Jacoba Williams commands your attention in here one woman show Before I was a Bear (written by Eleanor Tindall) at the Bunker Theatre.
Coming out in a plush full-body bear suit, she dances around the room, unencumbered by the thoughts of anyone around. She takes off her head and tells us she wasn’t always a bear. She was once ‘normal’ – in so far as she never had fur, monstrously large feet and sharp claws.
We’re taken back to her teenage years at high school where she first becomes aware of her own sexual desires. She has boyfriends and sexual encounters with female friends on the side. It’s all a part of her figuring out what she likes and who she is. It is incredibly funny and witty – but with constant reminders of some darkness that’s to come.
Every time she enacts some agency over her own sexuality, Cally then gets ripped out of the story and back into the present – scratching herself and pulling at her fur, struggling to stand and then even spitting up blood and writhing around in pain.
These moments don’t last long though. She jumps right back into her stories as if that unsettling scene never happened. Something’s not right, but we don’t know just what that is yet. What made her into a bear?

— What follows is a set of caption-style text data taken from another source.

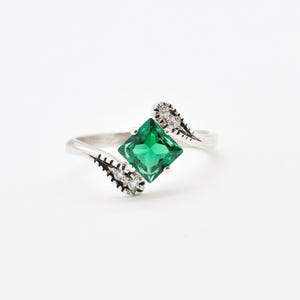 May include: A silver ring with a square green gemstone and smaller clear gemstones on the band.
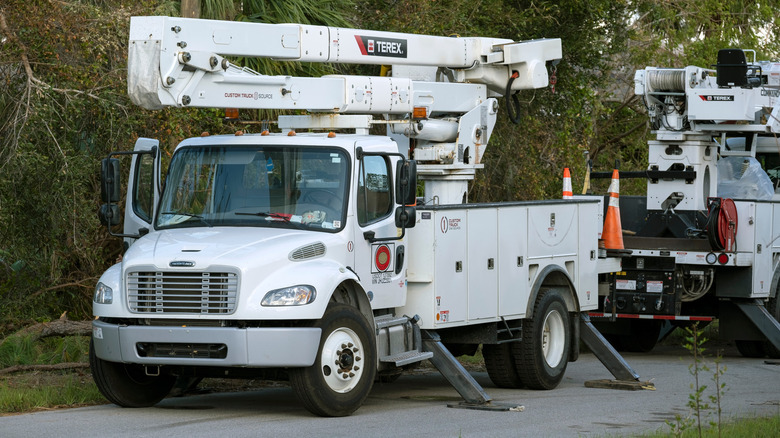 Utility truck parked with collapsed chair stand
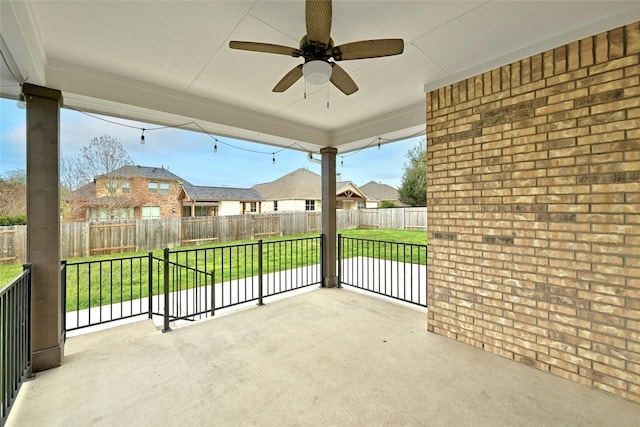 view of patio featuring ceiling fan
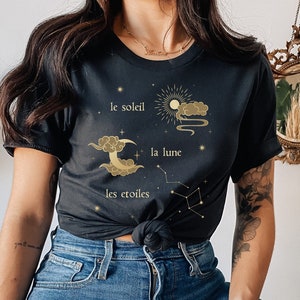 Puede incluir: Una camiseta negra con un dise&ntilde;o gr&aacute;fico dorado que presenta un sol, una luna y estrellas con el texto "le soleil", "la lune" y "les &eacute;toiles".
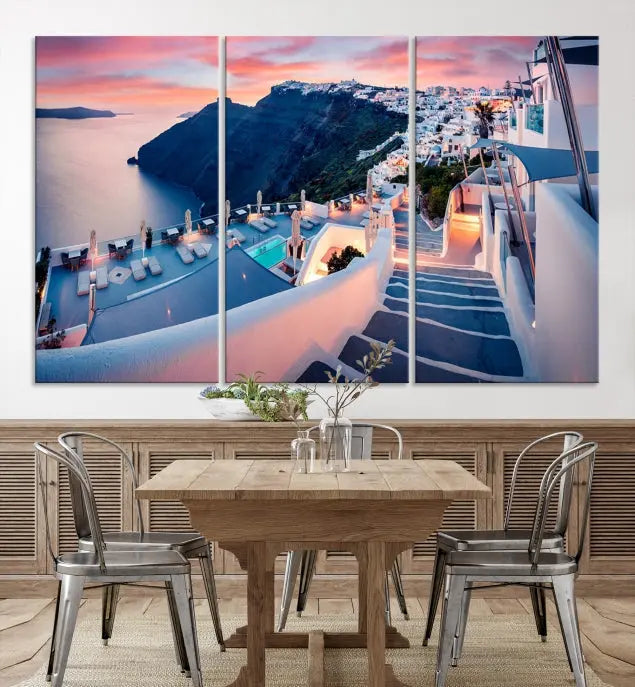 Greece Santorini Wall Art Landscape Canvas Print showcases a coastal village at sunset, featuring white buildings and an ocean view. The gallery-wrapped image is printed on museum-quality canvas for lasting beauty.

It has to do something with an affair she has with a tv crime detective when she is in her 20’s. She never personally feels guilt about it. She thinks about his wife. She thinks about her own wants and needs. She thinks of how it is his infidelity, not hers.
But, inevitably, as she is discovering who she is though this, the world around her is already telling her what they think. Her friends. Her family. Strangers online. Even the media. Trying to fight back against all of this is almost impossible.

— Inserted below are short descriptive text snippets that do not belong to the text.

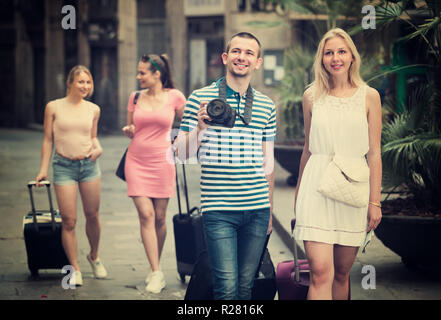 Ritratto di felice coppia turisti tenendo a piedi e trascinando valigie insieme Foto Stock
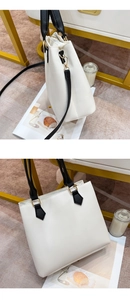 Detail showing white PU leather tote with black straps and elegant gold metal buckles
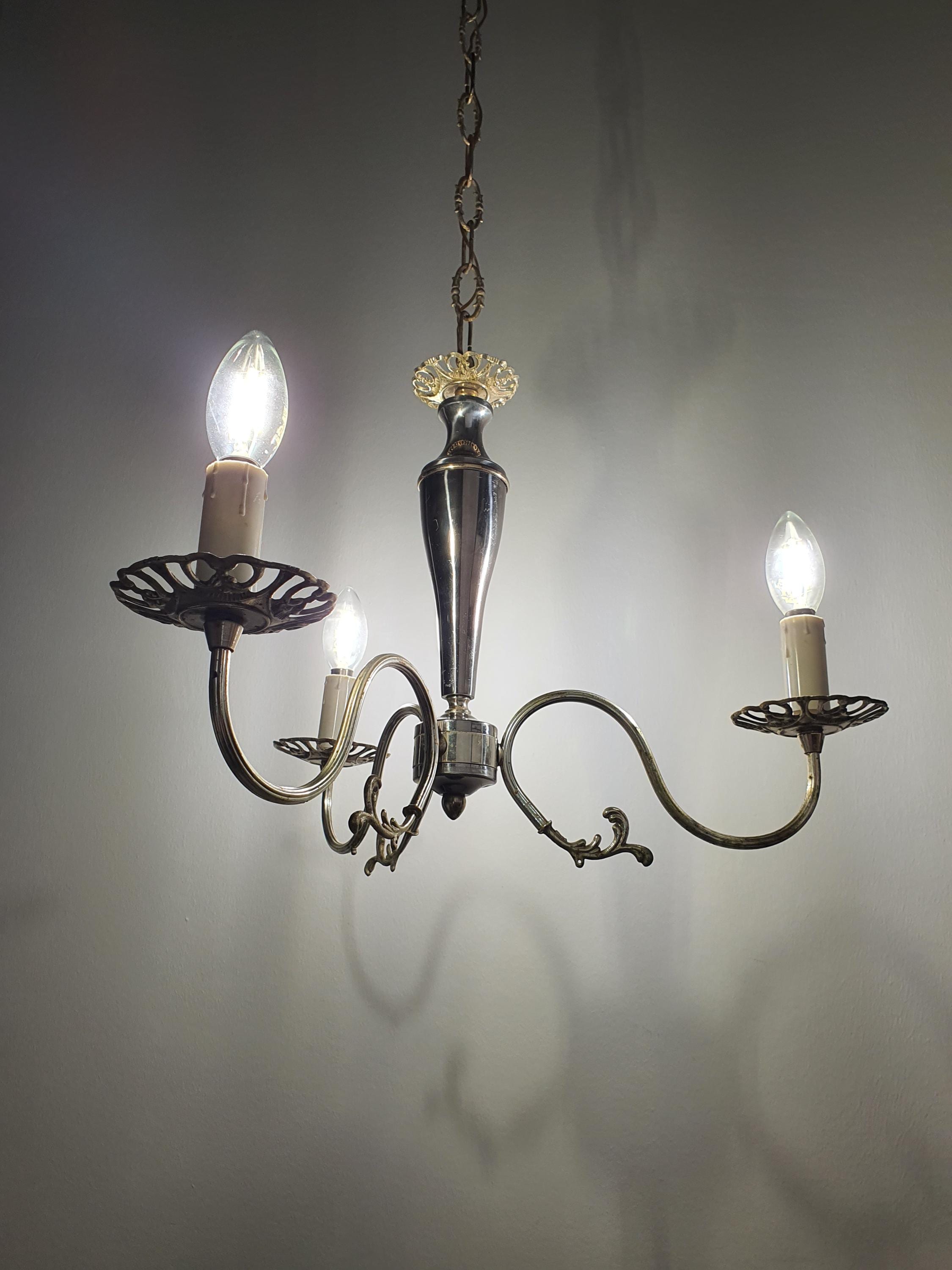 Vintage 1950s Italian candle chandelier installed above dining table, compact Victorian style, warm glow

The shame cast upon her from everyone else eventually leads her into a shame spiral – forcing her to become a bear. An actual bear. The shame surrounding her own sexual desires literally transforms her into a beast.
Throughout all of this, we come to see how the world treats men and women so differently when it comes to all of this. The male gaze is examined. As is mythology, the crushes we have for celebrities and all the unsatisfying sexual intercourse we’ve had in our life.

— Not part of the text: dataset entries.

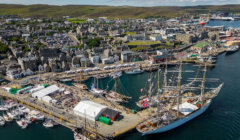 An aerial view of a harbor with boats docked in it.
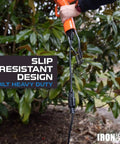 Heavy Duty Outdoor Extension Cord 12 Gauge 10 Ft With Lighted End in use outdoors, slip resistant plug for farm and workshop use.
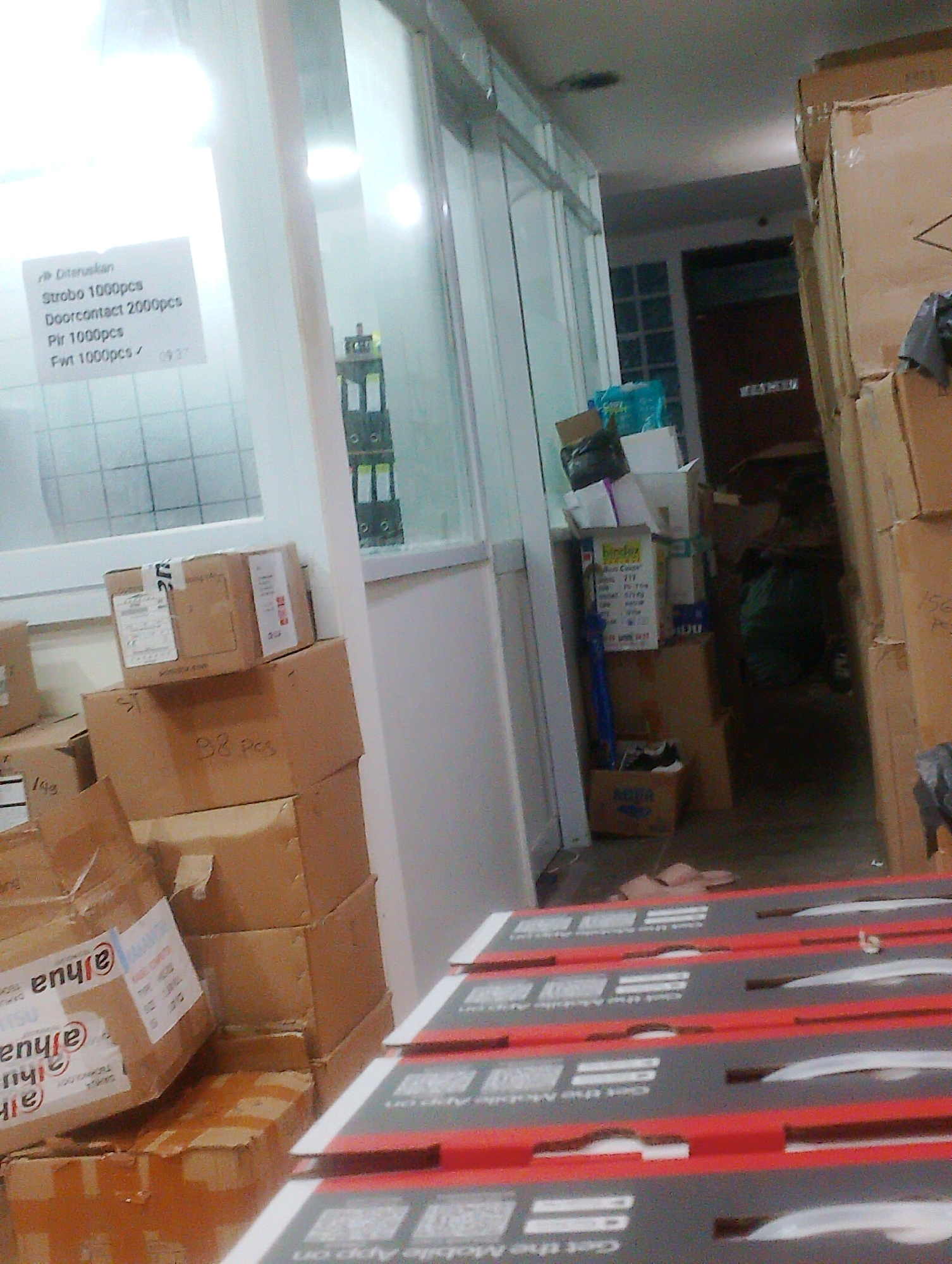 The image captures an interior scene that appears to be a warehouse or storage area. Boxes are stacked high, some made of cardboard and others appearing to be plastic containers. In the foreground, several flat, rectangular items with red and gray surfaces are lined up, each featuring a QR code and text that is partially visible but suggests a mobile application. To the left, a glass-paneled wall reveals another room or section of the building. A white sign with text in Indonesian is affixed to the glass, listing item quantities such as "Strobo 1000pcs" and "Doorcontact 2000pcs". The overall lighting suggests an indoor environment, possibly with some overhead illumination and natural light filtering through the glass. The image is focused on the storage and packaging elements within the space.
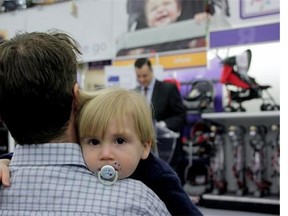 Industry Minister James Moore, rear, makes an announcement in a toy store in Toronto on Dec. 9, 2014. Moore announced legislation aimed at ensuring prices in Canada are not unfairly higher than those in the U.S.
(Colin Perkel/The Canadian Press)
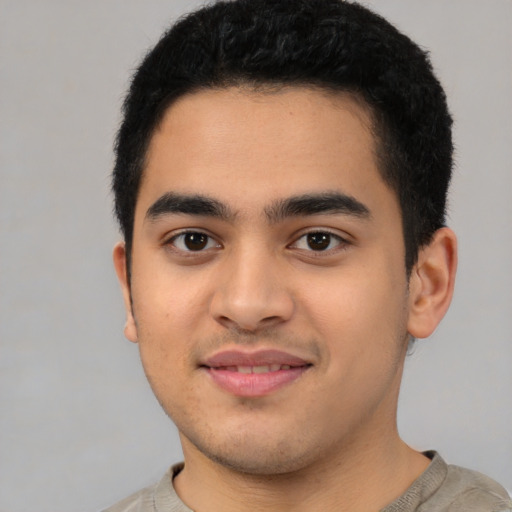 Joyful latino young-adult male with short  black hair and brown eyes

And it is a dark comedy after all. You’ll be laughing a lot. Giggles, cackles and deep belly laughs. But you’ll get close to shedding a few tears too. They never miss a beat in this clever play.
Williams is able to masterfully turn comedy into mysterious tragedy. And then change topic with self-deprecating comedy once more. Something women are conditioned to do. Something we all do to a certain extent. Deflect and make light of uncomfortable situations – trying to ignore them altogether.
This play is made for the post #metoo era, taking us on along on a journey of a woman becoming a bear – all because her supposed carnal sexual desires have made it so.
Before I was a Bear runs until 23 November at The Bunker theatre.